THE TASK — Copy all data exactly. Skip pictures.

Scraped caption text data —
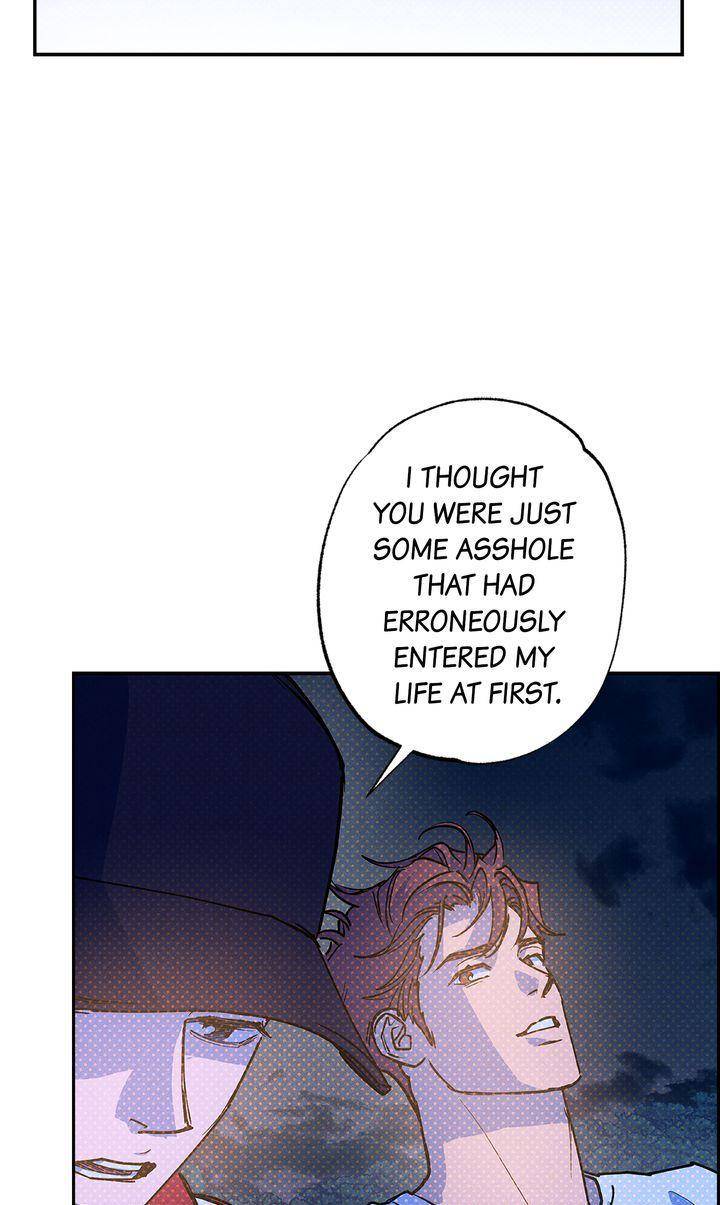 Semantic-Error-By-Jeosuri-Angy-Eng page 85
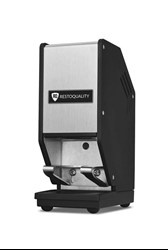 Automatyczny tamper do kawy  | Newton 58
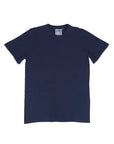 Jung Tee T-Shirts Jungmaven   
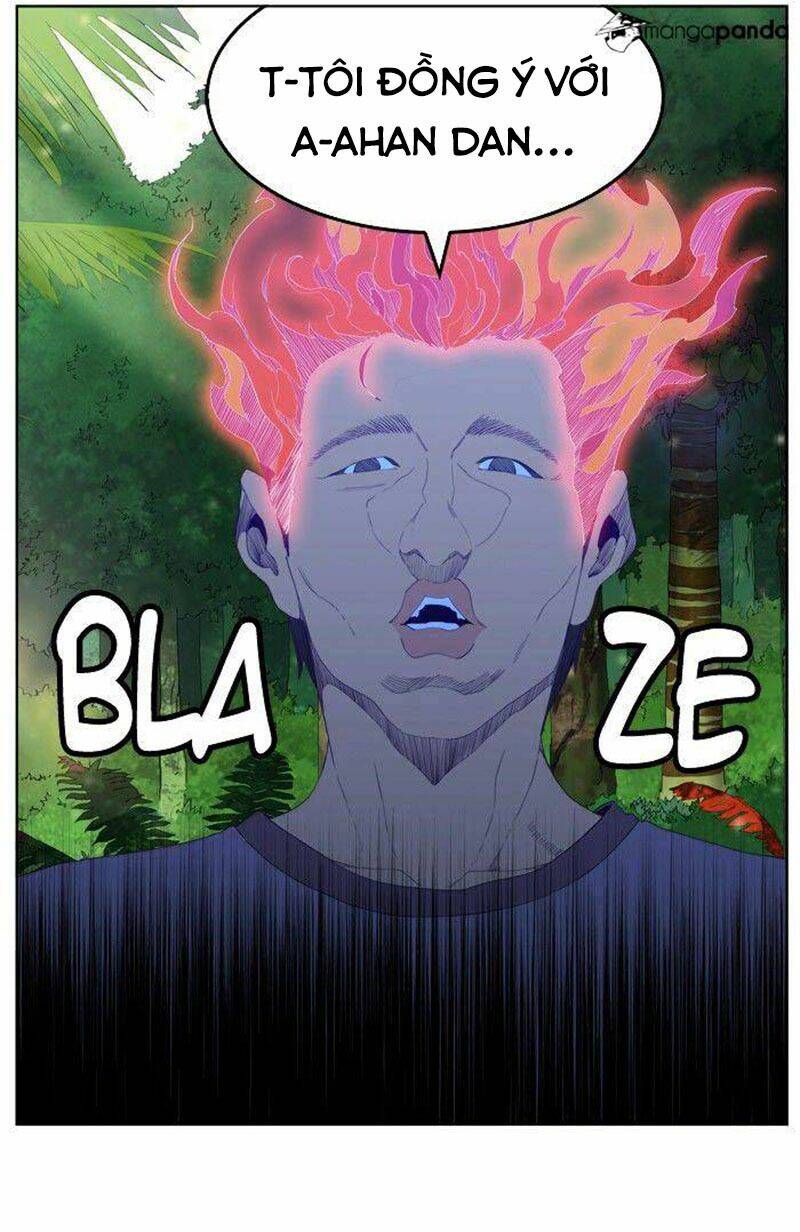 Chúa Tể Học Đường Chapter 324 - Trang 2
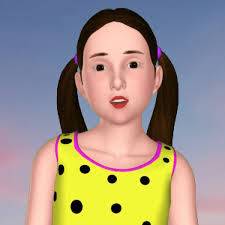 3d Animated Avatars Video Spokesperson Presenters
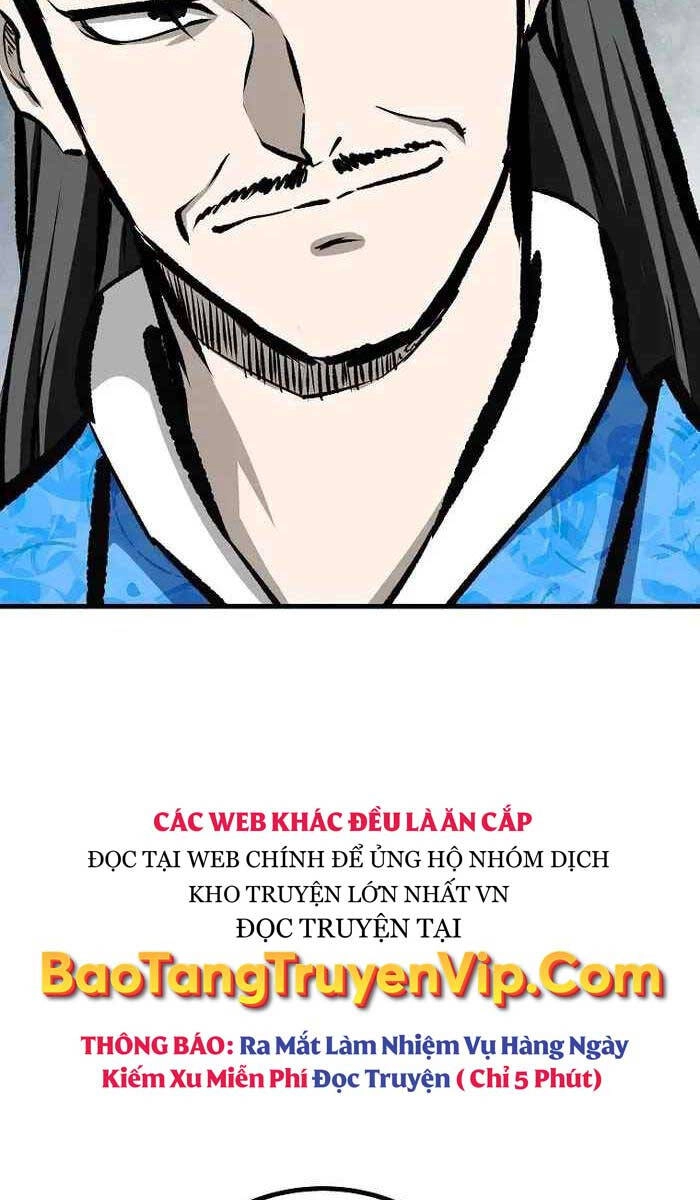 Cung Quỷ Kiếm Thần Chapter 199 - 82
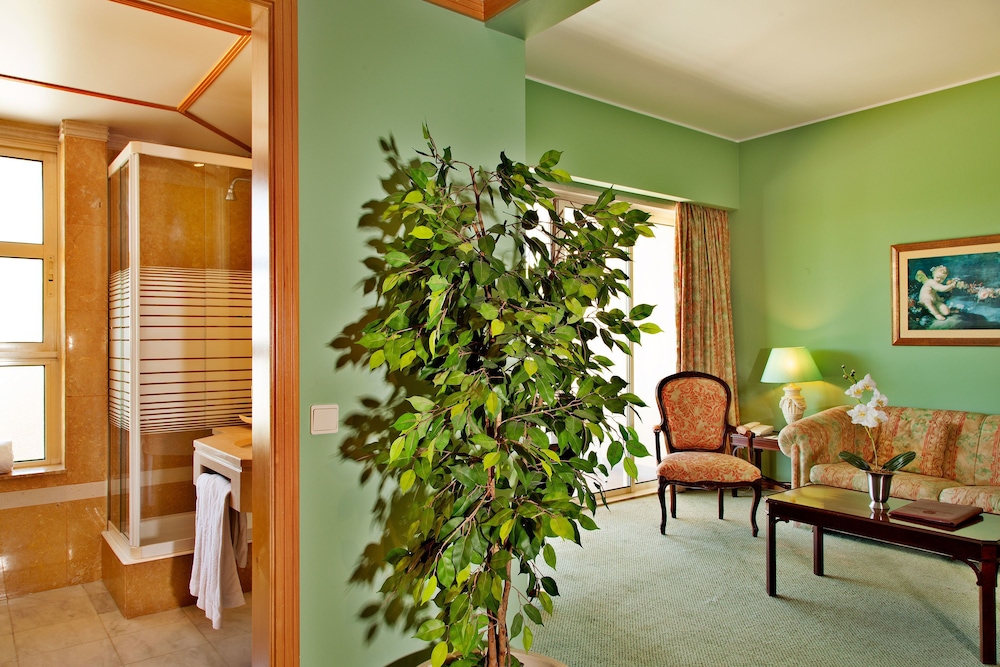 Hotel Dos Templarios 38/60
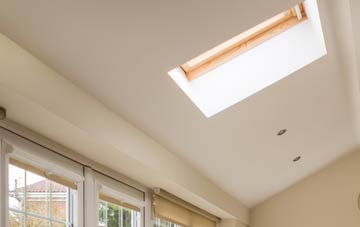 New Edlington conservatory roof insulation companies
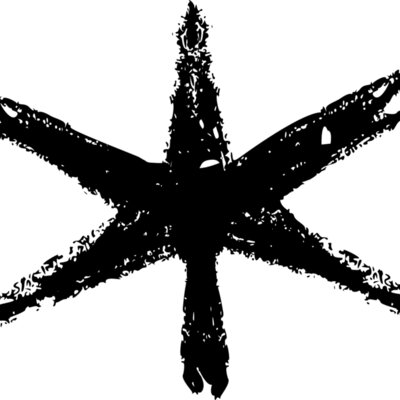 Spark Star Thumbnail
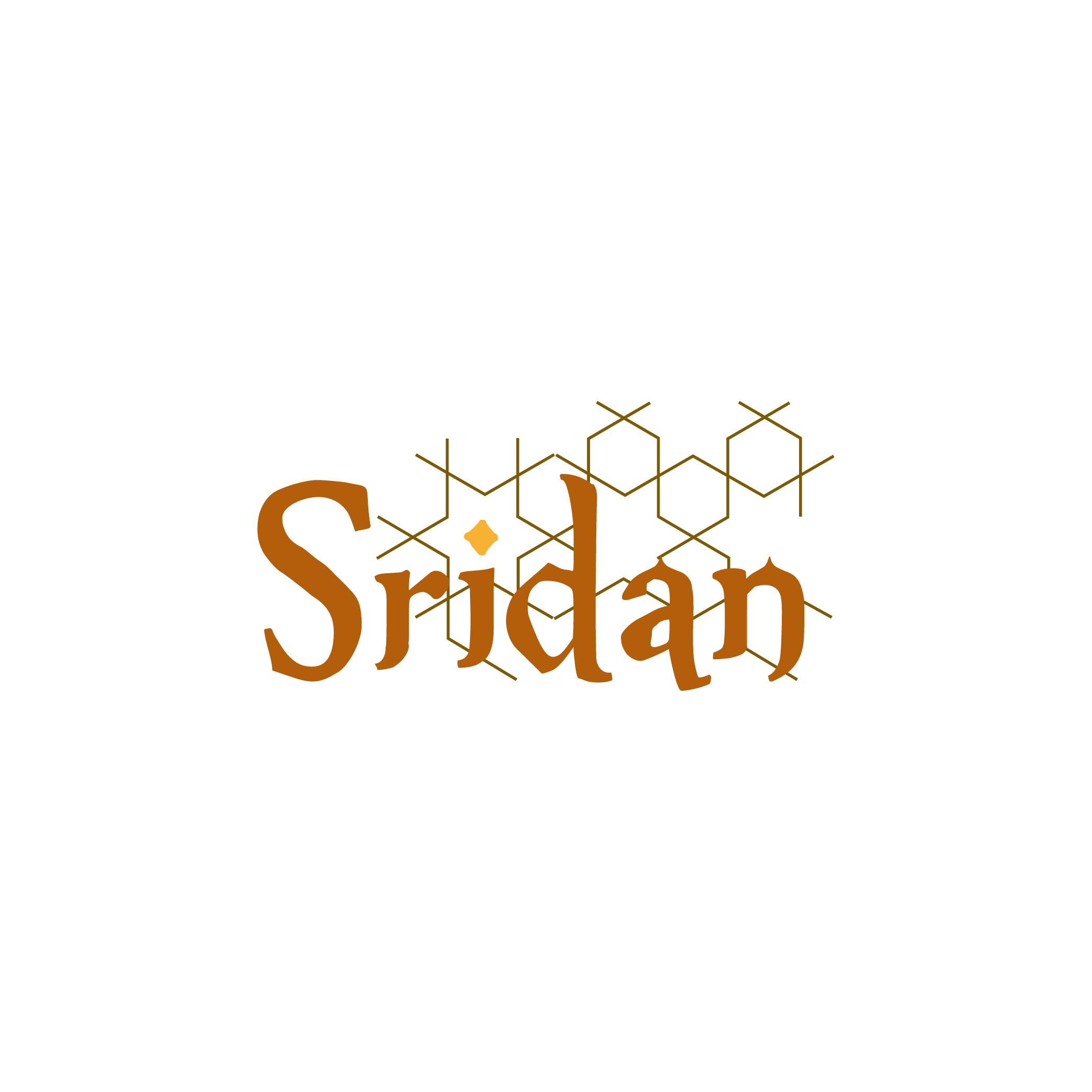Sridan
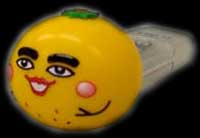 USB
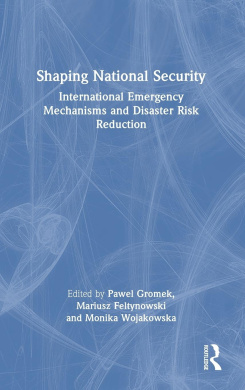 https://scientificbooks.net/sb/4hxXSAQangwAea1fg6.jpeg
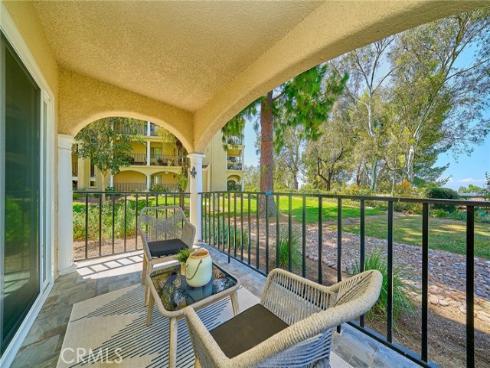 4001  Calle Sonora  1-A , Laguna Woods, CA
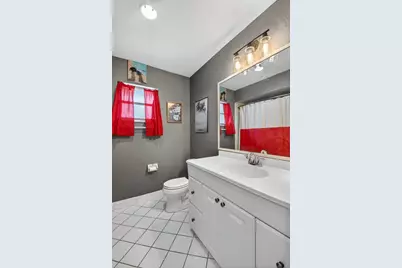 1321 Wyndcliff Drive, Wellington, FL 33414 - Photo 27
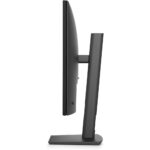DELL P2726HE 27" Full HD 1920x1080 IPS Monitor Grey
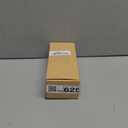 Wireless Jelly Bras for Women No Underwire with Support - S-2XL Seamless Bralettes Everyday Comfort Tshirt Padded Bra (XX-Large)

YOUR SOLUTION —
 Semantic-Error-By-Jeosuri-Angy-Eng page 85
 Automatyczny tamper do kawy  | Newton 58
 Jung Tee T-Shirts Jungmaven   
 Chúa Tể Học Đường Chapter 324 - Trang 2
 3d Animated Avatars Video Spokesperson Presenters
 Cung Quỷ Kiếm Thần Chapter 199 - 82
 Hotel Dos Templarios 38/60
 New Edlington conservatory roof insulation companies
 Spark Star Thumbnail
Sridan
 USB
 https://scientificbooks.net/sb/4hxXSAQangwAea1fg6.jpeg
 4001  Calle Sonora  1-A , Laguna Woods, CA
 1321 Wyndcliff Drive, Wellington, FL 33414 - Photo 27
DELL P2726HE 27" Full HD 1920x1080 IPS Monitor Grey
 Wireless Jelly Bras for Women No Underwire with Support - S-2XL Seamless Bralettes Everyday Comfort Tshirt Padded Bra (XX-Large)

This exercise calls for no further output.